Run SeekSoulTools

Run tests

Example 1: T cell receptor analysis example

seeksoultools vdj run \
--fq1 /path/to/demo_tcr/demo_tcr_R1.fq.gz \
--fq2 /path/to/demo_tcr/demo_tcr_R2.fq.gz \
--samplename demo_tcr \
--chain TR \
--core 16  \
--outdir /path/to/ouput/demo_tcr \
--organism human

Example 2: B cell receptor analysis example

seeksoultools vdj run \
--fq1 /path/to/demo_bcr/demo_bcr_R1.fq.gz \
--fq2 /path/to/demo_bcr/demo_bcr_R2.fq.gz \
--samplename demo_bcr \
--chain IG \
--core 16  \
--outdir /path/to/ouput/demo_bcr \
--organism human

Parameter descriptions

Parameters	Descriptions
–fq1	Paths to R1 fastq files.
–fq2	Paths to R2 fastq files.
–samplename	Sample name. Only digits, letters, and underscores are supported
–organism	organism, Available options: human，mouse
–chain	chain type, Available options: IG and TR. IG for B clel receptor and TR for T cell receptor.
–core	Number of threads used for the analysis
–outdir	Output directory. Absolute path, and ensure that the outdir for each task is unique.
–cfg	When the species is not human or mouse, the ref file needs to be configured by itself, and the file that records three REFs is the value of the parameter.
–read_pair	Whether or not to use paired reads to do the assembly, defaults to False.
–keep_tmp	Whether to keep the intermediate files of trust4, the default is not to keep them, when this parameter is specified, these intermediate files are compressed.
–matrix	rna matrix data. If this parameter is specified, the intersection of the barcode of vdj and matrix is taken before find clone, and the path to the filter matrix of the rna data is specified if required
–rna_wd	When analyzing RNA data, if this parameter is specified along with the –matrix parameter, a combined websummary for RNA and VDJ will be generated. When specifying this parameter, please ensure that the sample names for RNA and VDJ are consistent.
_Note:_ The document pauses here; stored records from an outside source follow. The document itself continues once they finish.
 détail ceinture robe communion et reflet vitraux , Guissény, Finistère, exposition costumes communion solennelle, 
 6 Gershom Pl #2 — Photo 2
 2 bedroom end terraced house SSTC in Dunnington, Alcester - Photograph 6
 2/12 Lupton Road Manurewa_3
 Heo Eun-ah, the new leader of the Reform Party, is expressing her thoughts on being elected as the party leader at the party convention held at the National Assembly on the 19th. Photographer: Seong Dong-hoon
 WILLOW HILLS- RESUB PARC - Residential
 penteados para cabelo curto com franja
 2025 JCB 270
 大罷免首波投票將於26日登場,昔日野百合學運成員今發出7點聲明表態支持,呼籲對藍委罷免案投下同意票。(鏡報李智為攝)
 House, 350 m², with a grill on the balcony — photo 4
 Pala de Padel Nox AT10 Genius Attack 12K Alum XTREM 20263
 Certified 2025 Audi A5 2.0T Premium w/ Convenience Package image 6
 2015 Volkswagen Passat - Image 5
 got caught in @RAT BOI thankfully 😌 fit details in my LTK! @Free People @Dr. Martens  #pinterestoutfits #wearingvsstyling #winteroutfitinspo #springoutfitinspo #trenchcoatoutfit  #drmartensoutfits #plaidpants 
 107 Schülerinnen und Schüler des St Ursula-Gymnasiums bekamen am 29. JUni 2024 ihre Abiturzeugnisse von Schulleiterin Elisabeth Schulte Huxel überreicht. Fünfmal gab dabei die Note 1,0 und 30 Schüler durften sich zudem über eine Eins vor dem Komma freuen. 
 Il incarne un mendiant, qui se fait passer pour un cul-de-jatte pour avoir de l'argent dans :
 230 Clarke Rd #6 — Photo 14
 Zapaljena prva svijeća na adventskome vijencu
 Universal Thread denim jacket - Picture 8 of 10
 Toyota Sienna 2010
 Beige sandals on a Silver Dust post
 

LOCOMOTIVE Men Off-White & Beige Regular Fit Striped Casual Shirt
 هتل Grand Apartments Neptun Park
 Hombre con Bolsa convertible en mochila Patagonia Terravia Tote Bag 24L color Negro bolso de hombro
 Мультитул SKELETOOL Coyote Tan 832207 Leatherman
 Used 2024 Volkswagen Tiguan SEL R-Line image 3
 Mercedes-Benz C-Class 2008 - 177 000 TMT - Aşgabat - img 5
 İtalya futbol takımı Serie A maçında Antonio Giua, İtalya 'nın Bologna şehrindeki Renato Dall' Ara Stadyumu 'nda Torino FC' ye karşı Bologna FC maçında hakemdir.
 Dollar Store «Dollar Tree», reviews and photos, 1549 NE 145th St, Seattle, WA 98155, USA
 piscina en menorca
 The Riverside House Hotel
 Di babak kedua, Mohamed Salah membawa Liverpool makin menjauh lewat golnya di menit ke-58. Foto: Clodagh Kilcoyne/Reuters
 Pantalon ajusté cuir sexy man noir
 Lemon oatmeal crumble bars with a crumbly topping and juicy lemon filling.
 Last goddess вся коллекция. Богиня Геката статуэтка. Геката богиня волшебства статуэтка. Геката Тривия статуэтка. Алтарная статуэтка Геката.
Example of building a ref file

Approach One: Utilize the trust4 software to retrieve data from the IMGT database and construct the required reference sequences.

BuildImgtAnnot.pl Homo_sapien > IMGT+C.fa
grep ">" IMGT+C.fa | cut -f2 -d'>' | cut -f1 -d'*' | sort | uniq > bcr_tcr_gene_name.txt
BuildDatabaseFa.pl refdata-GRCh38/fasta/genome.fa refdata-GRCh38/genes/genes.gtf bcr_tcr_gene_name.txt > bcrtcr.fa

Approach Two: If the gene names in the genes.gtf file do not encompass the required BCR/TCR gene names, configure them independently.

### Retrieve all species sequences from the IMGT database
wget -c https://www.imgt.org/download/GENE-DB/IMGTGENEDB-ReferenceSequences.fasta-nt-WithGaps-F+ORF+inframeP

### Extract the required sequences based on the species information in the ID and format them according to the requirements of TRUST4.
from Bio import SeqIO
from Bio.SeqRecord import SeqRecord
from Bio.Seq import Seq
with open("IMGTGENEDB-ReferenceSequences.fasta-nt-WithGaps-F+ORF+inframeP", "r") as file, open('IMGT+C.fa', 'w') as out:
    for record in SeqIO.parse(file, "fasta"):
        #if "IG" not in record.description and "TR" not in record.description:
        if 'Bos taurus_Holstein' in record.description:
            new_id = record.description.strip().split('|')[1]
            new_seq = record.seq.upper()
            new_record = SeqRecord(Seq(new_seq), id=new_id, description="")
            SeqIO.write(new_record, out, "fasta")

Prepare the leader file.

Download “”L-PART1+L-PART2” from IMGT.

Separate downloads for IG and TR are required, with IG and TR sequences being saved as two different files
Download IGH, IGK, and IGL separately, and then merge them into a single file.
Download TRA and TRB separately, and then merge them into a single file.

cat IG_L-PART1+L-PART2.fa |awk '/^>/ {print; next} {printf "%s", toupper($0)}' | awk 'BEGIN{RS=">"; FS="\n"} NR>1 {print ">" $1 "\n" $2}'

Write into the cfg file.

The format of the cfg file is as follows:
fa:"/your/path/bcrtcr.fa"
ref:"/your/path/IMGT+C.fa"
leader:"/your/path/IG_L-PART1+L-PART2.fa"

If the reference (ref) information is configured through Approach Two, both the fa and ref can be specified as IMGT+C.fa.